3 Tips for a Better Pot Roast
Pot roast is a classic American meal, one of those hearty dishes that is particularly great when it's cold, grey, or sleeting outside. It tastes even better the next day, doesn't require any special equipment, and can be endlessly adapted to whatever makes you happiest to eat. It's a pretty easy recipe to make, too, a one-pot wonder that doesn't ask you to use every dish in your kitchen. Here are a few things that'll help guarantee the success of your pot roast.
Don't Skimp on Browning Your Meat
Yes, it feels like an annoying extra step to sear your roast before you put it in the pot with the broth and wine to simmer. Afer all, you're going to be cooking that roast plenty, and those extra couple minutes on the pan aren't doing that much for the done-ness of the meat. (And you're choosing an inexpensive cut of meat for pot roast, right? Because that's the first step—use something with connective tissue, save your steak money for a ribeye.) But searing the meat before you add the liquid is key to developing flavor here, since otherwise the meat is just going to get gently simmered. The browned bits you get from searing the meat make all the difference. Just make sure you don't burn the meat or let those browned bits get too black, or they'll give the roast a bitter, unpleasant flavor.

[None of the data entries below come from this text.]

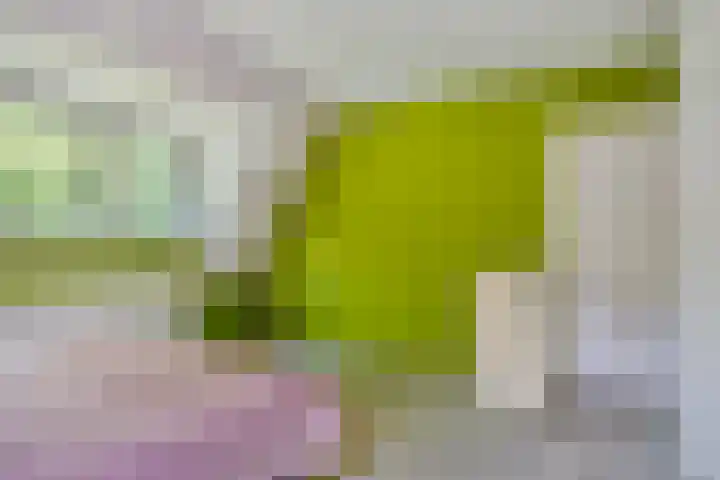 Oisterwijkplantsoen 1 Riel thumbnail 44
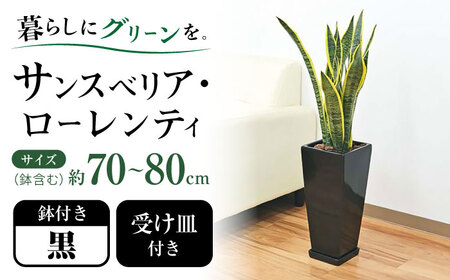 観葉植物 サンスベリア ローレンティ 7号 黒 陶器鉢植え 75cm ロングスクエア/サンスベリア 鉢植え 観葉 植物 インテリア おしゃれ プレゼント/大村市/琴花園[ACYK045]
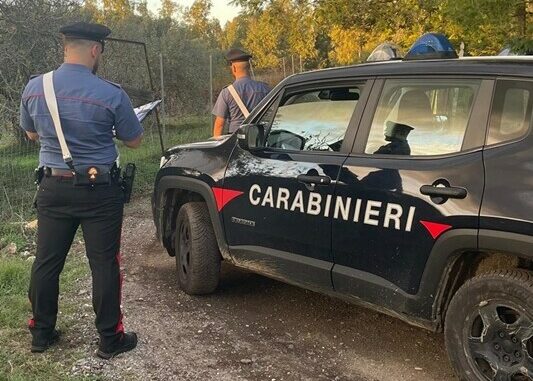 Carabinieri coltivazione droga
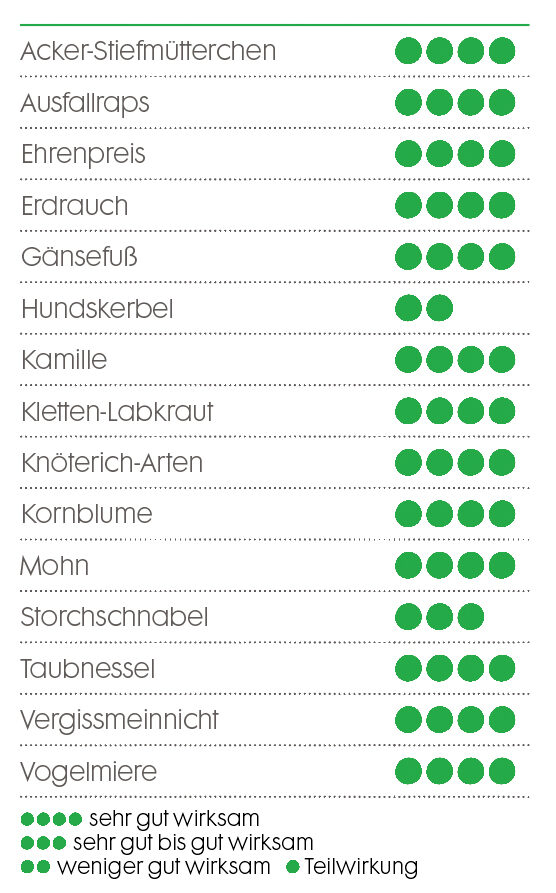 The image shows a list of weeds and their effectiveness against various treatments. Each weed species is rated by green circles, indicating effectiveness from very good to partially effective. Examples include field pansy, volunteer rape, speedwell, and others.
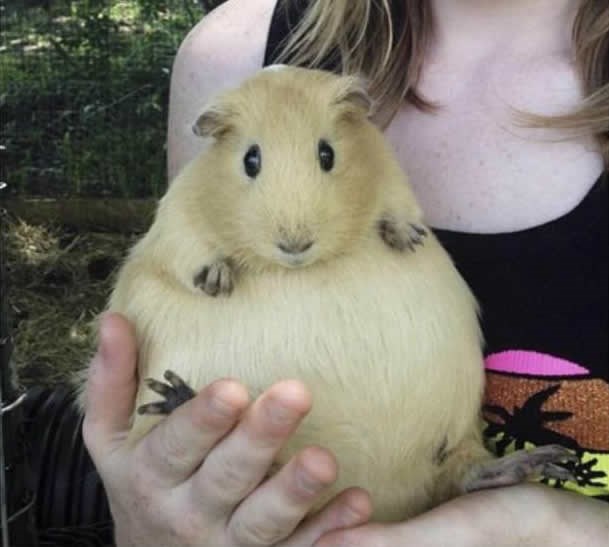 Trudni zamorčić, slatka loptica veselja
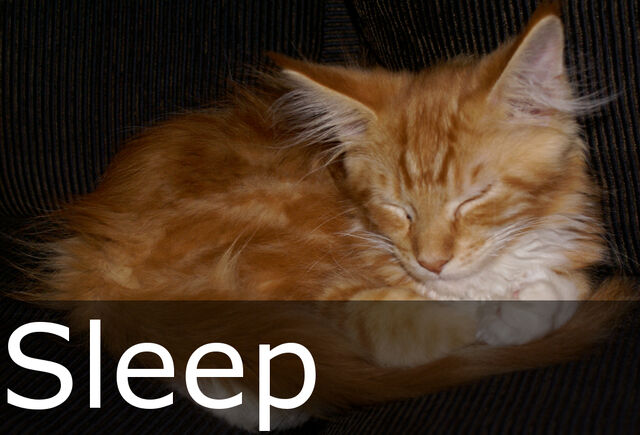 File:Sleep caption.jpg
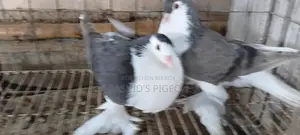 Pigeon for sale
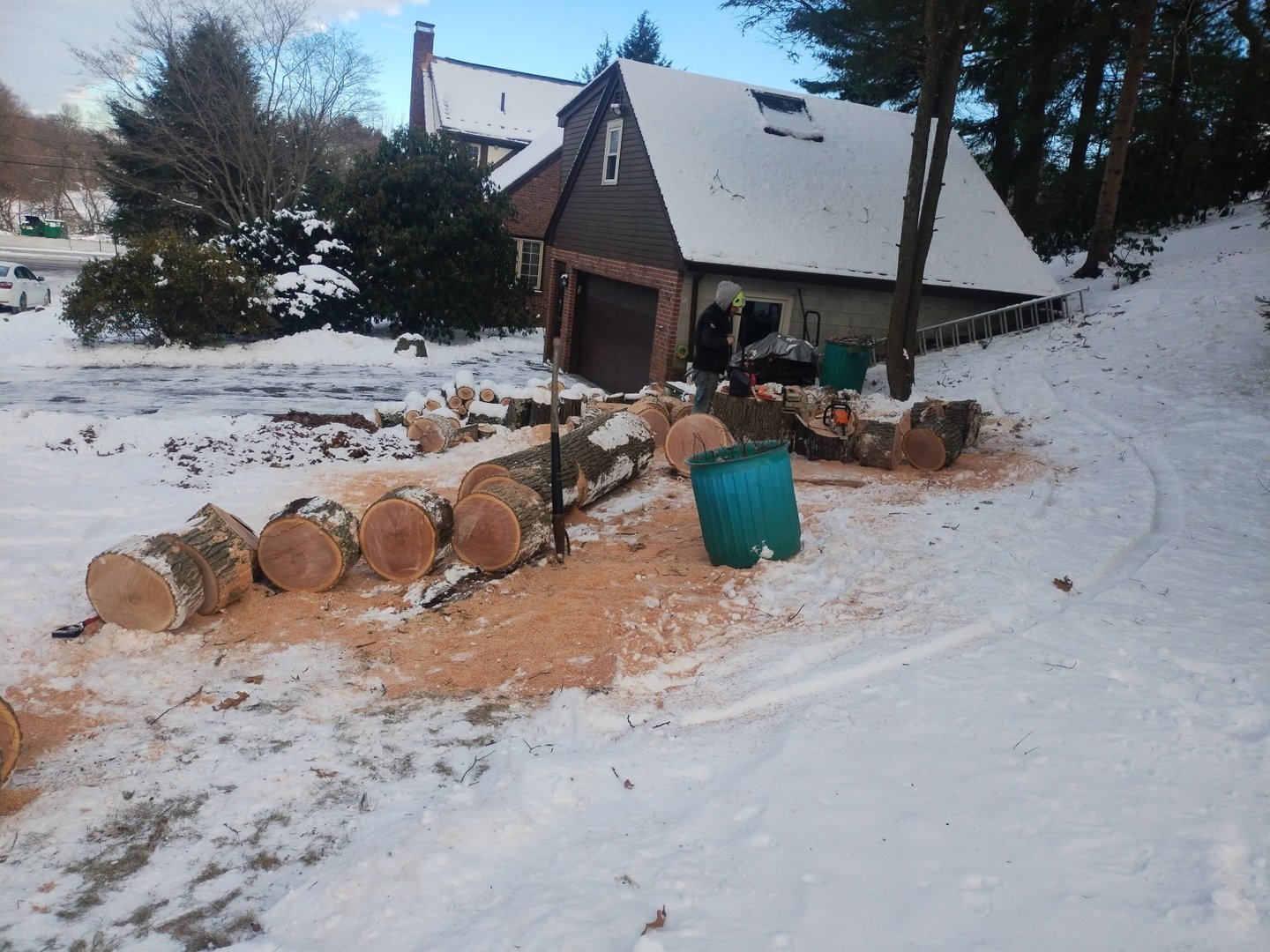 Professional tree removal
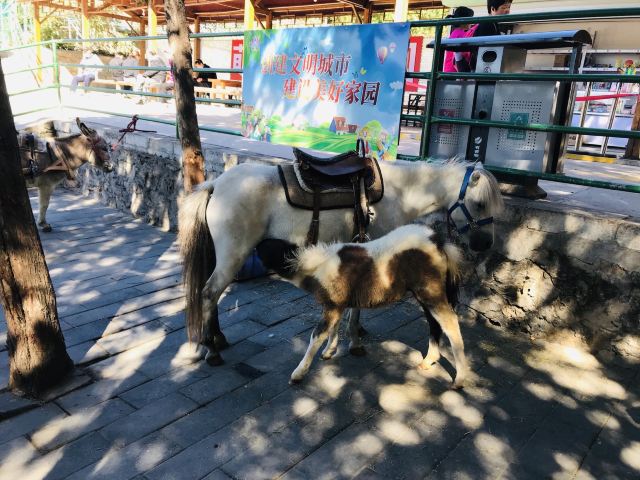 北京圣泉山旅游风景区旅行图片 2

WATCH: How to Make Classic Beef Pot Roast
Bring Everything to a Simmer Before Sticking It In the Oven
You want your pot roast to cook evenly, so if you're going the Dutch oven route rather than the slow cooker, you want to make sure that everything gets up to a simmer on the stovetop before transferring the pot to the oven. Why? Because if you put the pot in the oven before that, the liquid can take a long time to get up to a simmer, meaning that your pot roast will take a lot longer to cook.
Thicken the Broth at the End for a Really Saucey Roast
Once you're finished cooking your pot roast, the cooking liquid is going to be really delicious. But if it's a little bit thin for your liking, don't worry—you can easily thicken it up. Just mash together a couple of tablespoons of flour with a couple of tablespoons of butter, a mixture called beurre manie in French cooking, and stir in a small amount at a time into the simmering liquid until you get your desired consistency.